*Material to process:*
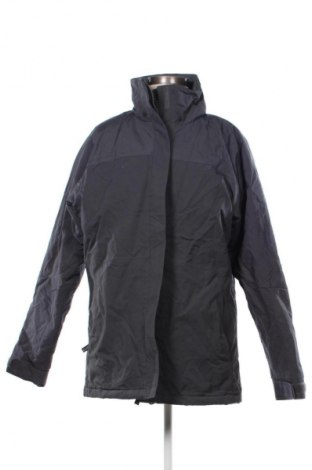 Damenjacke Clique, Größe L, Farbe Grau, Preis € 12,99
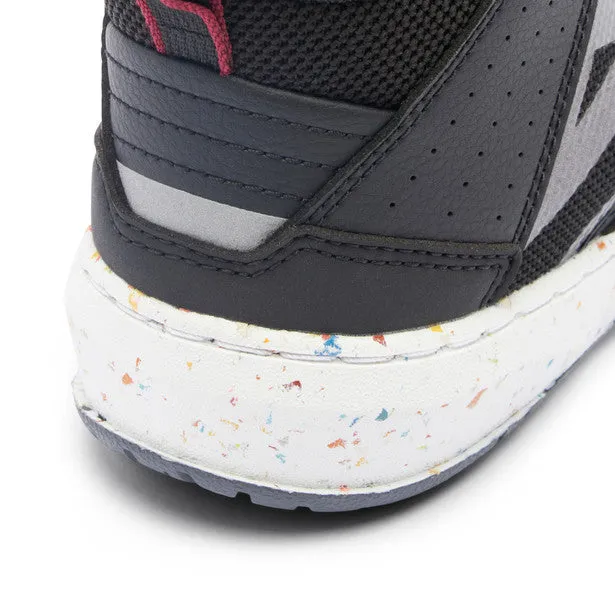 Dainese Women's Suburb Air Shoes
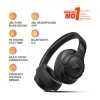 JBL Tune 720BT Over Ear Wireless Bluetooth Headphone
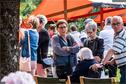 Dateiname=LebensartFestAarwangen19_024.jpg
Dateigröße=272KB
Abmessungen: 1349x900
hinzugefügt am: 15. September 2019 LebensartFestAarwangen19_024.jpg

--

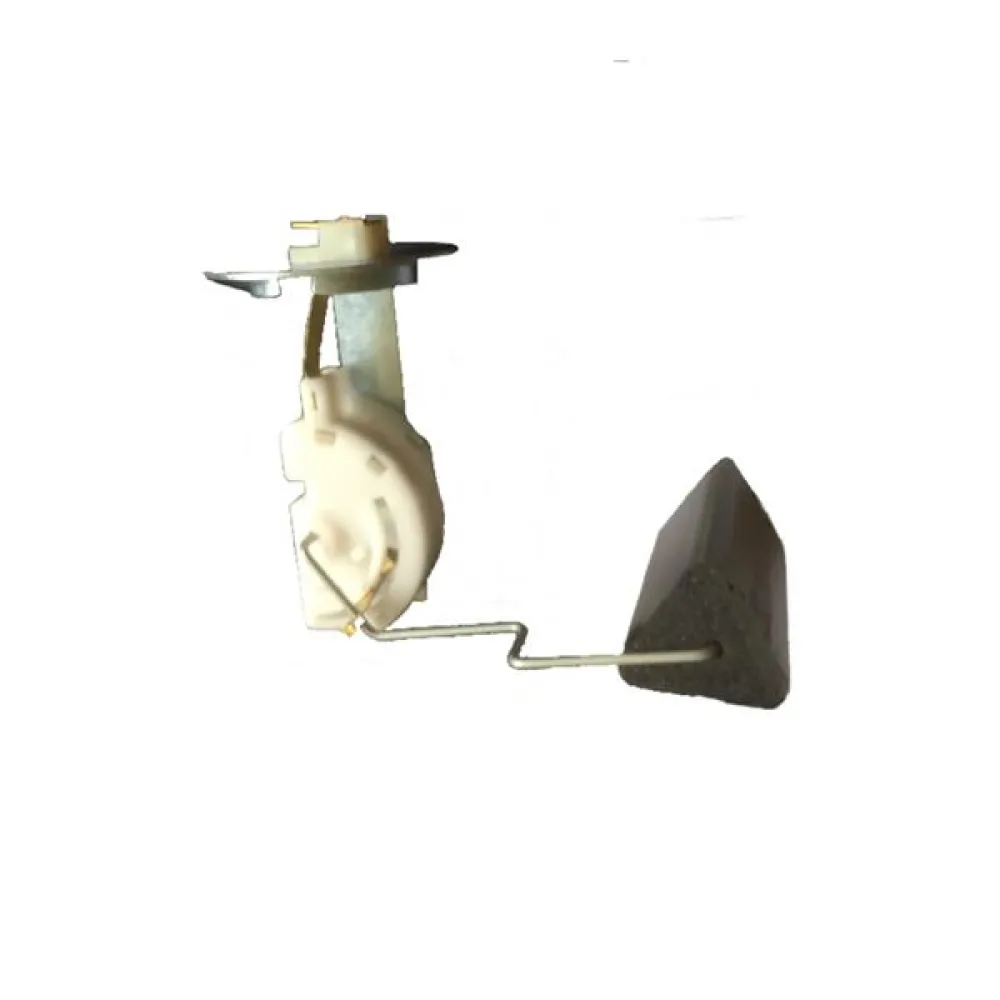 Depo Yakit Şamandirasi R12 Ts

*Problem to work on:* Reproduce, word for word, everything in the listing above from the line containing "JBL Tune 720BT" down to the line containing "hinzugefügt am: 15.", both of them included. No pictures.

*Solution for this problem:*
 JBL Tune 720BT Over Ear Wireless Bluetooth Headphone
 Dateiname=LebensartFestAarwangen19_024.jpg
Dateigröße=272KB
Abmessungen: 1349x900
hinzugefügt am: 15. September 2019 LebensartFestAarwangen19_024.jpg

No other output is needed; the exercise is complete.